Rstudio code for MWP

You can read about this project at
https://comfortablynumb-ers.blogspot.com/2020/02/win-probability-analysis-part-1-mean.html
follow me at @kevgk2 on Twitter
check out more rstudio guides and nflscrapR links at the bottom

#legend:
#pbp: play by play
#WP: win probability
#MWP: average win probability
#WPE: win probability expected wins
#pyth: pythagorean wins

#install packages
install.packages("nflscrapr")
install.packages("tidyverse")
install.packages("lubridate")
install.packages("na.tools")
install.packages("ggimage")

#load libraries
library(nflscrapR)
library(tidyverse)
library(lubridate)
library(na.tools)
library(ggimage)

#determining the mean WP for a particular game
#scrape games
week_14_games <- scrape_game_ids(2019, weeks = 14)

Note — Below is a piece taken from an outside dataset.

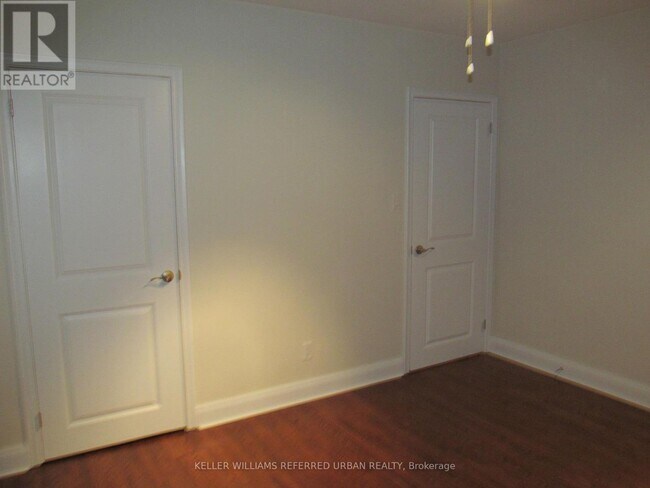 Building Photo - 90 Portland St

#pull play by play for specific game
Gb_Was_PbP <- week_14_games %>%
  filter(home_team == "GB") %>%
  pull(game_id) %>%
  scrape_json_play_by_play()

#omit na and select WPs
Gb_Was_WP<-Gb_Was_PbP %>%
  dplyr::select(home_wp, away_wp) %>%
  na.omit()

#determing mean and sum, put in displayable table
table(mean(Gb_Was_WP$home_wp),sum(Gb_Was_WP$home_wp))

#Creating WP analysis project
#scrape season play by play data
pbp <- read_csv(url("https://github.com/ryurko/nflscrapR-data/raw/master/play_by_play_data/regular_season/reg_pbp_2019.csv"))

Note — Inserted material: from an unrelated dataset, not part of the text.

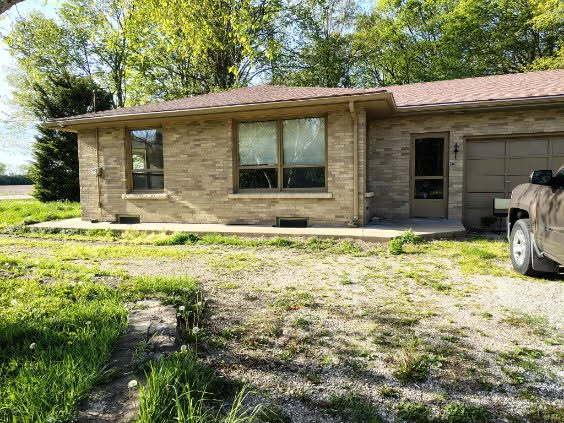 2329 W 3100n Rd., Bourbonnais, IL 60914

#omit NA values of selection of specific columns. if you omit NA of every column, you lose A LOT of relevant data, since most of the NA data is in classifier variable columns like "if punt"
subpbp<-na.omit(dplyr::select(pbp, game_id, home_team, away_team, game_date, home_wp, away_wp))

#create schedule for later use. this finds every unique game
schedule<-unique(dplyr::select(subpbp, game_id, home_team, away_team, game_date))

#create WP stats per team per game ID, result is an away team MWP and home team MWP
wpreport<- subpbp %>%
           group_by(game_id) %>%
           summarize(mean_away = mean(away_wp), mean_home = mean(home_wp))

#merge the WP stats to the schedule
wpreport_total<-merge(schedule, wpreport)

#create expected season values for away teams, grouping by team, arranging by descending values
expectation_away<-wpreport_total %>%
group_by(away_team) %>%
summarize(exp = sum(mean_away)) %>%
arrange(desc(exp))

# repeat for home teams
expectation_home<-wpreport_total %>%
group_by(home_team) %>%
summarize(exp = sum(mean_home)) %>%
arrange(desc(exp))

#rename columns
colnames(expectation_home) <- c("team","exp1")
colnames(expectation_away) <- c("team","exp2")

#create total expected wins by adding away and home WPE for each team
totalexp<-transform(merge(expectation_home, expectation_away, by = "team"), total_expected_wins = exp1 + exp2)

#load up the data from footballoutsiders.com, mine was saved in a csv file
nfl2019results <- read.csv("~/wp/nfl2019results.csv", header=FALSE)

colnames(nfl2019results)<-c("team","wins","dvoa","pyth")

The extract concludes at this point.